Chicago's Office Ownership Shuffle Is Spurring Leasing
A wave of new Chicago office bargain hunters is resetting property values and sparking leasing activity, even with vacancy still near record highs.
Lower prices on quality assets are drawing new buyers into the market. Distressed sales and maturing loans are fueling momentum as first-time Chicago owners renovate outdated space and use a new capital stack to fund leases.
“Our concern always when a new owner comes in is are they truly going to build out [spec] spaces? Do they know the capital they have to give to do deals in this market?” Colliers Executive Vice President Steven Bauer said. “Generally, with these new owners that have come in, the answer has been: Yes, they have.”
Many of the new buyers have been family offices and other small groups that can act quickly, Bauer said. That is helping reset the market faster.
Five Chicago office buildings traded in Q3, led by the sale of 2 N. Riverside Plaza in the West Loop. Voya Investment Management sold the 650K SF Class-B property for $27.9M to a joint venture of Blue Star Properties and The Wolcott Group. The second-largest deal was for 500 N. Michigan Ave., a 324K SF Class-C building that Commonwealth Development Partners bought for $5.1M.
The acceleration in sales is happening even as Chicago’s vacancy numbers continue to creep up.

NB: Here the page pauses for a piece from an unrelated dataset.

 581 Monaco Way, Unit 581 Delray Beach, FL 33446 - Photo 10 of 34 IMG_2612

Following three quarters of tenant move-outs and consolidation of space, total office vacancy hit an all-time high of 24.5%, up from 24.3% in the second quarter, according to a Q3 Colliers office report. The brokerage doesn’t expect the vacancy numbers to continue to climb significantly but also doesn’t see vacancy decreasing significantly over the balance of the year.

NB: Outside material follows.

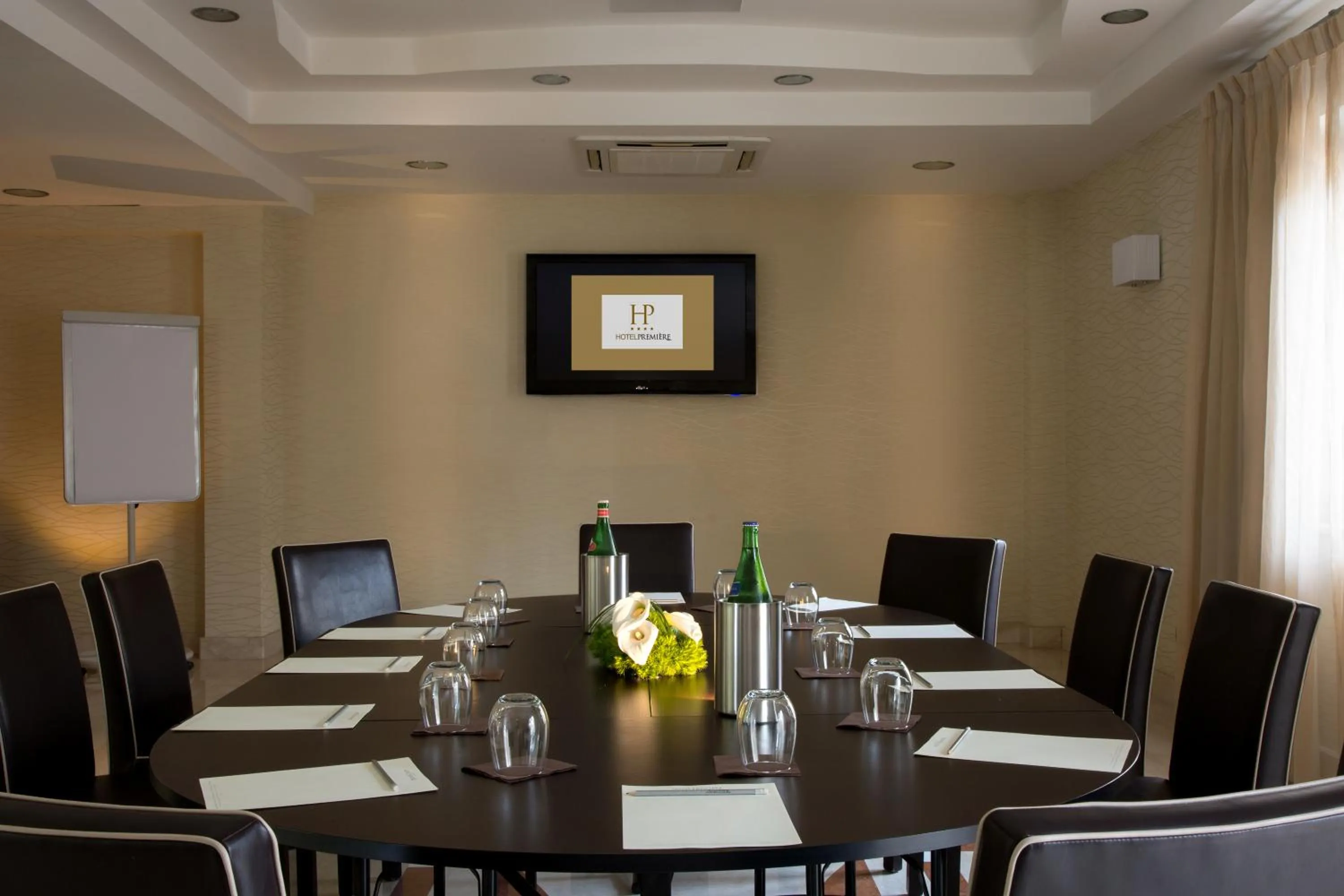 Business facilities in Hotel Premiere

Though some smaller buildings might be pulled out of supply via conversions, for vacancy to drop significantly, new tenants need to come into the market or grow. That is happening in small spurts but not at a large scale.
“There's a whole lot of buildings that make up that [vacancy] that just simply cannot do deals right now, and they're off on the sidelines,” Bauer said. “But if you have the money and you can fund deals, especially in the West Loop, there's surprisingly good activity.”
About 614 office leases of at least 1K SF were signed in Chicago in the year to date. Financial services firms led the large leasing activity, with many tenants relocating to upgraded properties while consolidating space.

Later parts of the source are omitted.